So what is the disagreement? The Bible in Genesis 1:12 (NASB 1995) says, “The earth brought forth vegetation, plants yielding seed after their kind, and trees bearing fruit with seed in them, after their kind . . .” Genesis 1:24 says, “Let the earth bring forth living creatures after their kind: cattle and creeping things and beasts of the earth after their kind." Thus, the Bible clearly teaches that the earth [i.e., non-living material] produced both plants and animal life. That sure sounds like abiogenesis to me.

If you are objecting because “atheist” scientists (as well as scientists who happen to be agnostic and scientists who happen to be theistic and even Bible-affirming Christians) don’t happen to mention God in science textbooks and peer-reviewed journal articles, then you are simply confusing ultimate and proximate causation.

The chemical elements of the planet (as in soil, water, air, and even “the dust of the ground”) combining at some time in the past to form the first living organisms is simply a summary of the proximate cause. Whether or not God was the ultimate cause is a different philosophical and theological question, not a scientific question. The ultimate cause is not a scientific question because there is no way under the scientific method to subject deities (or anything which is not a part of the matter-energy universe) to scientific testing and verification. So there is no reason for scientists (whatever their personal beliefs or non-beliefs about God) to mention God when publishing their scientific research.

Science is not synonymous with philosophy. (It is a small subset of philosophy which arose as natural philosophy and eventually evolved into what became known as modern science.) I think you are confusing the two.
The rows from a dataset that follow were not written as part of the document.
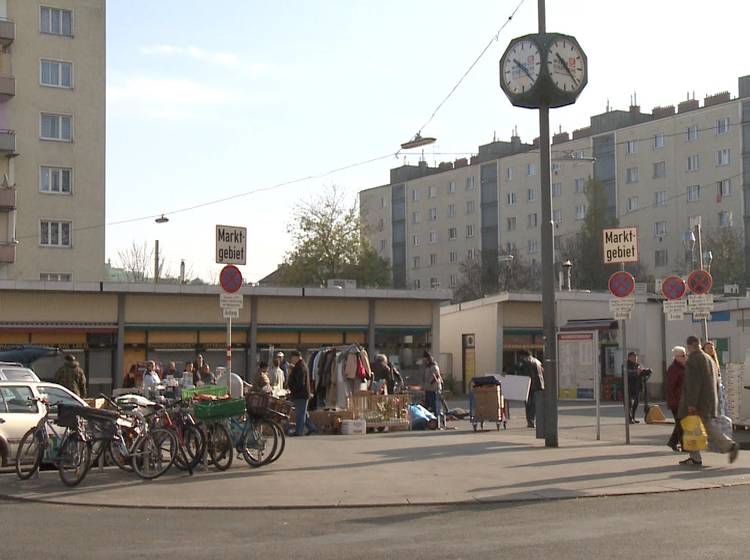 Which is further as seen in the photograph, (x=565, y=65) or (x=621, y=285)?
(x=621, y=285)

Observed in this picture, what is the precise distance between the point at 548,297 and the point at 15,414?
28.0ft

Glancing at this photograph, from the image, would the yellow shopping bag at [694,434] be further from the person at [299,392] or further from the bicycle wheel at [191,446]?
the person at [299,392]

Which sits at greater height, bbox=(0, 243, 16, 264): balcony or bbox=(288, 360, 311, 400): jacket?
bbox=(0, 243, 16, 264): balcony

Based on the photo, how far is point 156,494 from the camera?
42.8ft

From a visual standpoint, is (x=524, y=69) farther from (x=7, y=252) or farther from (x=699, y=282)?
(x=7, y=252)

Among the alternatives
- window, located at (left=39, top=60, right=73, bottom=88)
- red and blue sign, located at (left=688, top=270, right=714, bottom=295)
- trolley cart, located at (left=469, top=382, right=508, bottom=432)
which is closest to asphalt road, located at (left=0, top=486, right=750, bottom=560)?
trolley cart, located at (left=469, top=382, right=508, bottom=432)

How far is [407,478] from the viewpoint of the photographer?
1421 cm

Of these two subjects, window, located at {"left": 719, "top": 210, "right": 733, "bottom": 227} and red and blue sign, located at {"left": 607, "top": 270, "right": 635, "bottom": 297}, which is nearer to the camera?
red and blue sign, located at {"left": 607, "top": 270, "right": 635, "bottom": 297}

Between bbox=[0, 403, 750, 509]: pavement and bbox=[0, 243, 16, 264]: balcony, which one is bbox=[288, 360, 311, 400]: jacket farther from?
bbox=[0, 243, 16, 264]: balcony

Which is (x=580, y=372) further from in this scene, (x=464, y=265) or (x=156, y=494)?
(x=464, y=265)

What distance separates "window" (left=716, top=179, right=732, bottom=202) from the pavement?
61926 mm

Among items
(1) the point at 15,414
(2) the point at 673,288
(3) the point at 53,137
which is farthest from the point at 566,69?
(3) the point at 53,137

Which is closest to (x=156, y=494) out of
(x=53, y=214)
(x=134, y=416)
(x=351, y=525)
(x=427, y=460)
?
(x=134, y=416)

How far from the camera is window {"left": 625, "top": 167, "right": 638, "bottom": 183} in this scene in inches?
3273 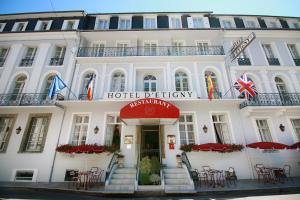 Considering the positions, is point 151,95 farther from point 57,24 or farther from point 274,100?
point 57,24

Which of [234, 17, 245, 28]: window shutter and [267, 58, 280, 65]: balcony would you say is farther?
[234, 17, 245, 28]: window shutter

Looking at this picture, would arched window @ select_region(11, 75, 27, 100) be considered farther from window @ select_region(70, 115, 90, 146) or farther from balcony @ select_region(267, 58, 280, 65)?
balcony @ select_region(267, 58, 280, 65)

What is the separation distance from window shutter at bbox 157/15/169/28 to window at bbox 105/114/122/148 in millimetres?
9121

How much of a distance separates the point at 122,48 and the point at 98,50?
205 cm

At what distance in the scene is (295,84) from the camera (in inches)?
500

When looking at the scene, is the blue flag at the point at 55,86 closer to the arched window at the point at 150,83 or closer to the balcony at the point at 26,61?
the balcony at the point at 26,61

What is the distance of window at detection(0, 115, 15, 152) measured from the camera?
1089 cm

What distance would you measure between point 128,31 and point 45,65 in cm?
716

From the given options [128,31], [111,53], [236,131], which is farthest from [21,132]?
[236,131]

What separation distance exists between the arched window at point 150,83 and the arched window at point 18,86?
942cm

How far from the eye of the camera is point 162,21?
15156mm

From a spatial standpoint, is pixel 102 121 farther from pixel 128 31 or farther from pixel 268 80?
pixel 268 80

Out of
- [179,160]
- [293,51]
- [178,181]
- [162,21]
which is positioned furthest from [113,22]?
[293,51]

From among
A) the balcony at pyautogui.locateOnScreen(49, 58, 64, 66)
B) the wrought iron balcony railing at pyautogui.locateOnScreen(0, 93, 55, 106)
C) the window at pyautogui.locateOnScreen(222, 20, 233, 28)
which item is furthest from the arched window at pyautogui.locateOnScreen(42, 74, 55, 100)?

Speaking for myself, I have no problems believing that God could create a universe where abiogenesis processes produced the first living organisms—just as Genesis 1 describes. So I have no beef with “atheist scientists” or anybody else who is trying to understand those proximate causes which, no doubt, involved the laws of chemistry and physics. Only a weak deity would be incapable of creating a universe which inevitably produced living things through natural processes, aka abiogenesis.

I don’t see any conflict between the abiogenesis described in Genesis 1 and the abiogenesis being investigated by scientists. Why create an argument where none is warranted? I would be delighted if within my lifetime I could read detailed scientific descriptions of how the first living organisms came to be. The discovery of the proximate cause(s) of biological life in no way undermines philosophical/theological claims of the ultimate cause.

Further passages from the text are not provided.